Six days a week. Two-a-days on Tuesdays and Thursdays. I was convinced that more volume meant more progress. My Apple Watch showed I was crushing my activity rings. My training app said I was hitting PRs. Everything looked great on paper.
But my actual performance was declining. Runs that felt easy three months ago now felt heavy. Weights I'd been lifting comfortably were suddenly grinding. I blamed sleep, blamed nutrition, blamed stress. I never blamed the training itself.
The data I was ignoring
When I connected my wearable data, training logs, and daily tracking into xHeal, the trend was unmistakable. Over the previous eight weeks:
- My HRV had dropped 18% (a steady decline I hadn't noticed because I was only checking daily numbers, not the trend)

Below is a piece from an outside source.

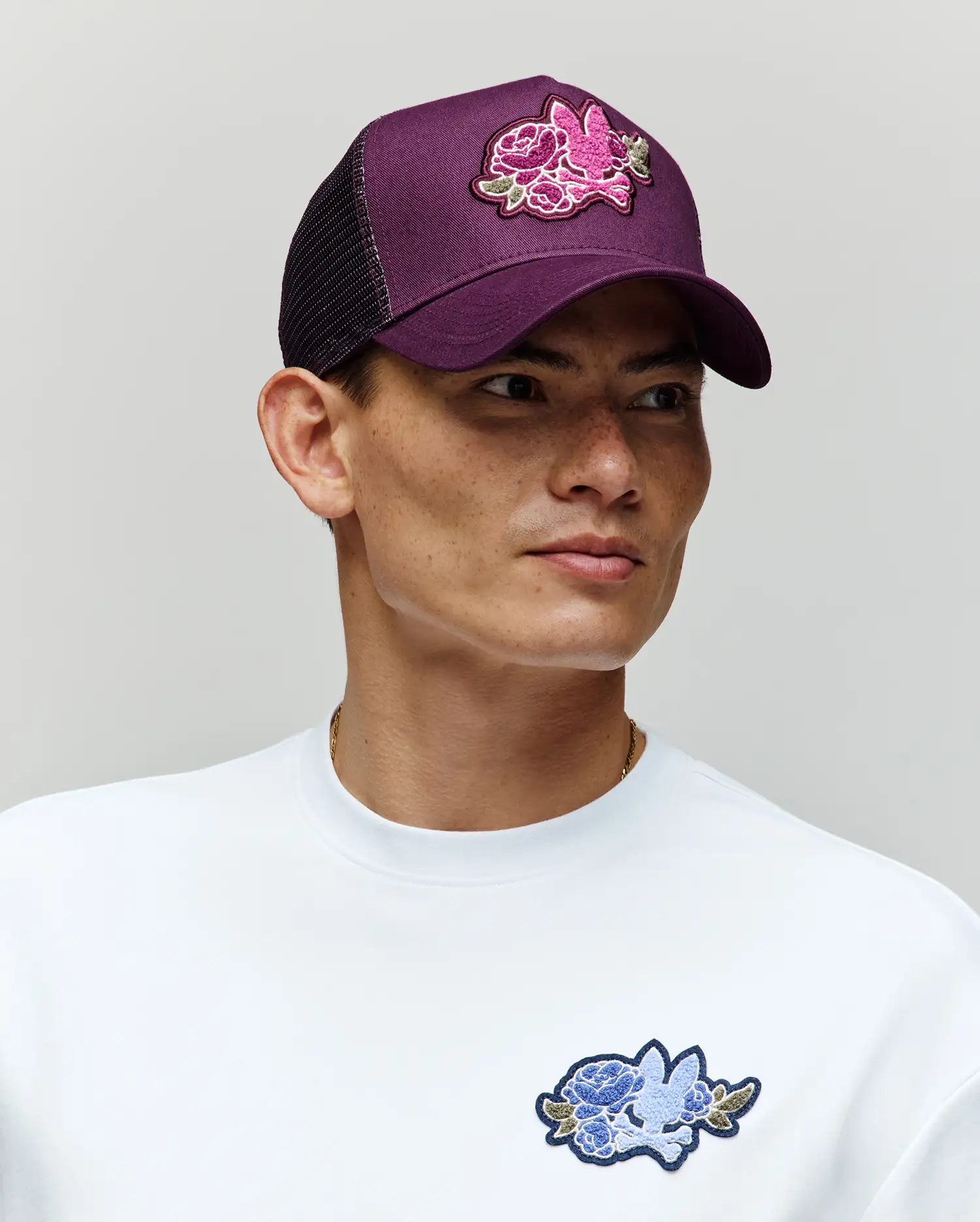 MENS AUGUSTE TRUCKER CAP - MO1500050 - Image 5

- My resting heart rate had climbed from 52 to 59 BPM
- My deep sleep percentage had fallen from 22% to 14%
- My recovery scores were consistently below baseline on training days
Individually, each metric was "fine." I wasn't in any danger zone. But the trend across all four metrics, declining simultaneously over weeks, painted a clear picture of accumulated fatigue.
The adjustment
Based on the pattern, I made three changes:
- Reduced training to four days per week (eliminating the two-a-days entirely)
- Added a structured deload week every fourth week (50% volume)

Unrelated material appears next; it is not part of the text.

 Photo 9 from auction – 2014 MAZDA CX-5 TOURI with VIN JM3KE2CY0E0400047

- Prioritized recovery metrics over activity metrics (my new goal was HRV recovery, not ring closure)
The shift felt wrong at first. Training less goes against every instinct when you're trying to improve. But the data was clear.
What happened next
Within three weeks, my HRV returned to baseline. Deep sleep rebounded. Resting heart rate dropped back to 53. And the surprise: my performance improved despite less training volume. I set a new 5K PR in week five of the reduced program.
My trainer, who I share my xHeal reports with weekly, called it the most predictable outcome he'd ever seen. "Your body was never undertrained," he said. "It was under-recovered."
The lesson
Activity data tells you what you did. Recovery data tells you what you can handle. Most fitness trackers excel at the first and ignore the second. The result is a culture that celebrates doing more without measuring whether more is actually helping.
Your body keeps score. The question is whether you're reading it.
Medical disclaimer: This content is for informational purposes only and does not constitute medical advice. Always consult your healthcare provider before making changes to your health routine, medications, or treatment plan. xHeal is a health tracking and awareness tool, not a diagnostic or treatment platform.